I learned creative cooking from my mother.  Or maybe I should say, I often observed my mother cooking creatively.  I don’t think it is something that can be taught; one has to have a natural ability to be able to do so.  There are some people who should just follow a recipe and be done with it.

My high school home economics teacher showed our class how to make homemade pizza.  For the crust, she used a boxed hot roll mix.  I wanted to try it at home, but we didn’t have a hot roll mix.  Undiscouraged, I found a recipe for rolls in a cookbook and used it instead.  We had no mozzarella cheese, either, so I sprinkled Parmesan over the toppings.  It wasn’t the same as what I had in class; my family enjoyed it anyway.

Bob, my late husband, used to tell others, “My wife takes a recipe and departs therefrom.”  He sometimes questioned why I couldn’t seem to leave well enough alone.  The ingredient list and amounts seemed fine to him; however, I often had other ideas: a little less of this, more of that, omit this all together, and add that.  It seems like my instincts are quite often correct, as the times he talked me into making a recipe as written often left us wishing I had followed my own impulses.

I will confess that there have been times my trial-and-error cooking methods have ended up to be just that.  They were a trial to eat (like humble pie), and I had to admit the errors I committed.  Sometimes it was a failure to read the recipe ingredients correctly or getting the step-by-step directions out of order.  But for the most part, I manage to have good results.

Some years after I was married, my mother came up with an idea she called a “pleazza” (short for “pleasing pizza”).  First, she patted out the pizza dough on a rimmed cookie sheet.  Then she spread tomato sauce and toppings on one side; butter, cinnamon, and sugar went on the other side.  “It’s dinner and dessert all on one pan,” she declared.  The only time I observed her make this concoction, her topping of the day was oysters.  Bob and I made an excuse to leave before dinner was ready since neither of us wanted to sample what looked like a culinary disaster.

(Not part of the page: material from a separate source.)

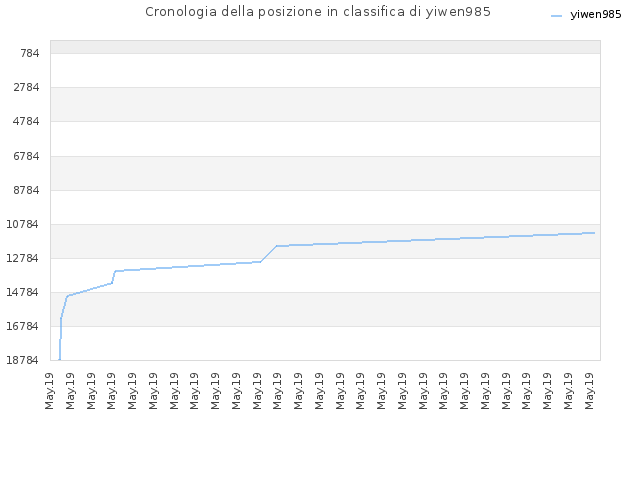 Cronologia della posizione in classifica di yiwen985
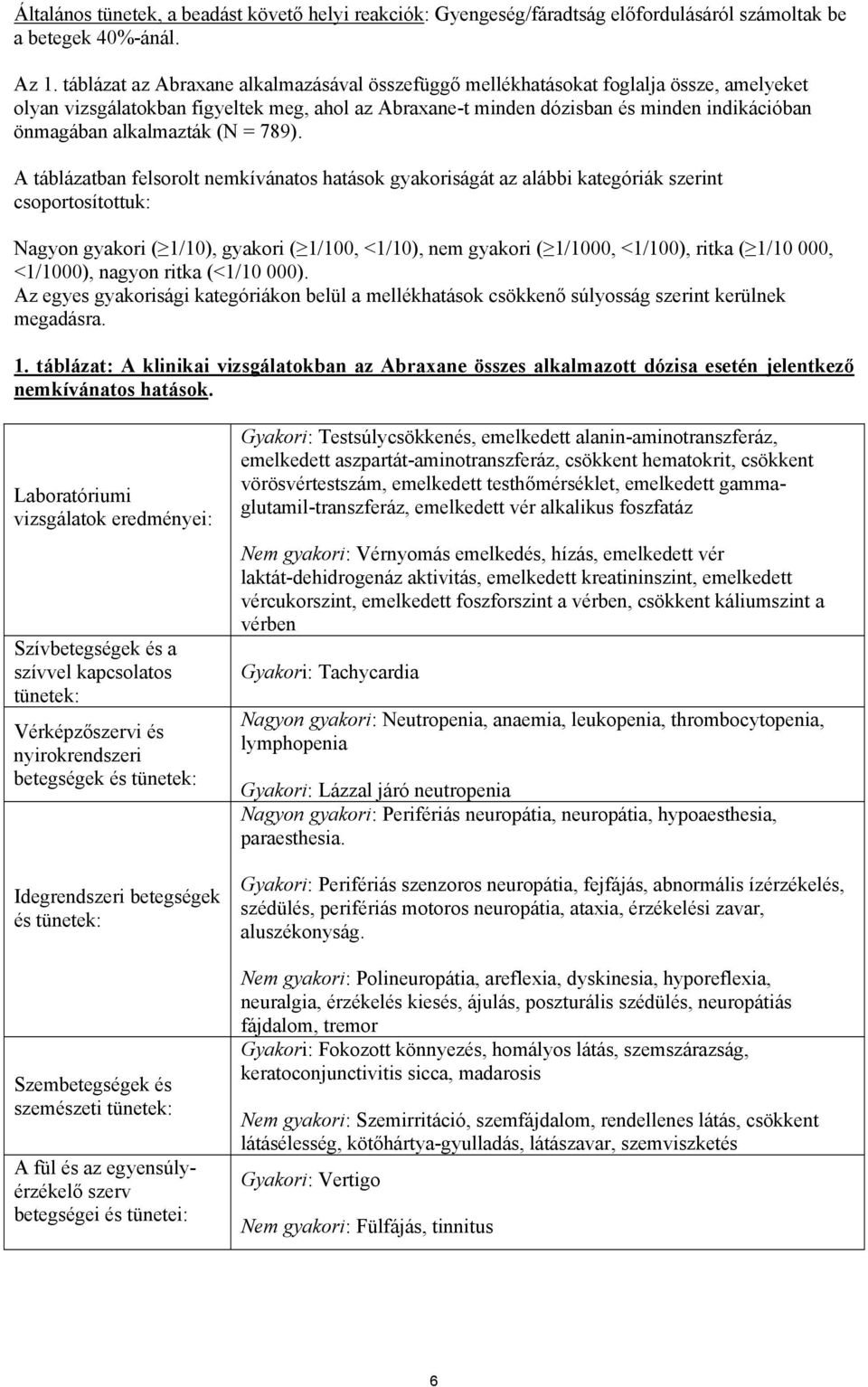 alkalmazták (N = 789).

All this talk about pizza was inspired by the knowledge that October is National Pizza Month.  The recipes include a dessert pizza, but it is baked separately from the main dish variety!

 

Hawaiian French Bread Pizza

1 large loaf French bread

3/4 cup pizza sauce

1 (20-ounce) can pineapple tidbits, drained

4 cups Mozzarella cheese, divided

1-1/2 cups ham, diced (or may use sliced ham cut into 1/2-inch strips)

Cinnamon

Preheat oven to 400 degrees.

Cut the French bread into three equal sized pieces. Then cut those pieces in half lengthwise forming 6 total pieces.

Place the bread crust side down on a large baking sheet. Place in oven for about 5 minutes until bread just begins to toast.

Remove bread from oven and spread 1 or 2 tablespoons of pizza sauce on each piece. Top with 1/2 cup Mozzarella cheese, 1/4 cup pineapple tidbits, and 1/4 cup diced ham. Lightly sprinkle the tops of each pizza with cinnamon and top off with 2 tablespoons cheese.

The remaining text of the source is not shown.